YOUR TASK
Return the lines from the line containing "耳黒くまさん　ヴィンテージ　 from ENGLAND" onward. Each must match exactly, and the last line of the listing below must be included.

SUPPLIED RECORDS
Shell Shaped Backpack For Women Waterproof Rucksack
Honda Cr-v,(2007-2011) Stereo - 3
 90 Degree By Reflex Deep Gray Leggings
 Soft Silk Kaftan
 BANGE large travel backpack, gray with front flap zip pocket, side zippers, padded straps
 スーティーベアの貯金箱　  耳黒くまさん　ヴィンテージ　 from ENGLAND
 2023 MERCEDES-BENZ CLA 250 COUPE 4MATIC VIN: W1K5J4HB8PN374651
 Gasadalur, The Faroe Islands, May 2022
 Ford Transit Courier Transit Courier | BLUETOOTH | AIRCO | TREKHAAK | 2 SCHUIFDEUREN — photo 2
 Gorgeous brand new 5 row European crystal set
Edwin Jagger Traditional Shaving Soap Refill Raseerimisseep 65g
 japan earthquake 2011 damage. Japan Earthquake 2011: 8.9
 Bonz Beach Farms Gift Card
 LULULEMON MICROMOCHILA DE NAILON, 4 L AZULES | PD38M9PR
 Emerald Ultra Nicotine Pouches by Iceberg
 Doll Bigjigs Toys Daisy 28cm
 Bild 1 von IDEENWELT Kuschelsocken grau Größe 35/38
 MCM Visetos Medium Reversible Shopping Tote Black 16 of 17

RESPONSE TO THIS EXERCISE
 スーティーベアの貯金箱　  耳黒くまさん　ヴィンテージ　 from ENGLAND
 2023 MERCEDES-BENZ CLA 250 COUPE 4MATIC VIN: W1K5J4HB8PN374651
 Gasadalur, The Faroe Islands, May 2022
 Ford Transit Courier Transit Courier | BLUETOOTH | AIRCO | TREKHAAK | 2 SCHUIFDEUREN — photo 2
 Gorgeous brand new 5 row European crystal set
Edwin Jagger Traditional Shaving Soap Refill Raseerimisseep 65g
 japan earthquake 2011 damage. Japan Earthquake 2011: 8.9
 Bonz Beach Farms Gift Card
 LULULEMON MICROMOCHILA DE NAILON, 4 L AZULES | PD38M9PR
 Emerald Ultra Nicotine Pouches by Iceberg
 Doll Bigjigs Toys Daisy 28cm
 Bild 1 von IDEENWELT Kuschelsocken grau Größe 35/38
 MCM Visetos Medium Reversible Shopping Tote Black 16 of 17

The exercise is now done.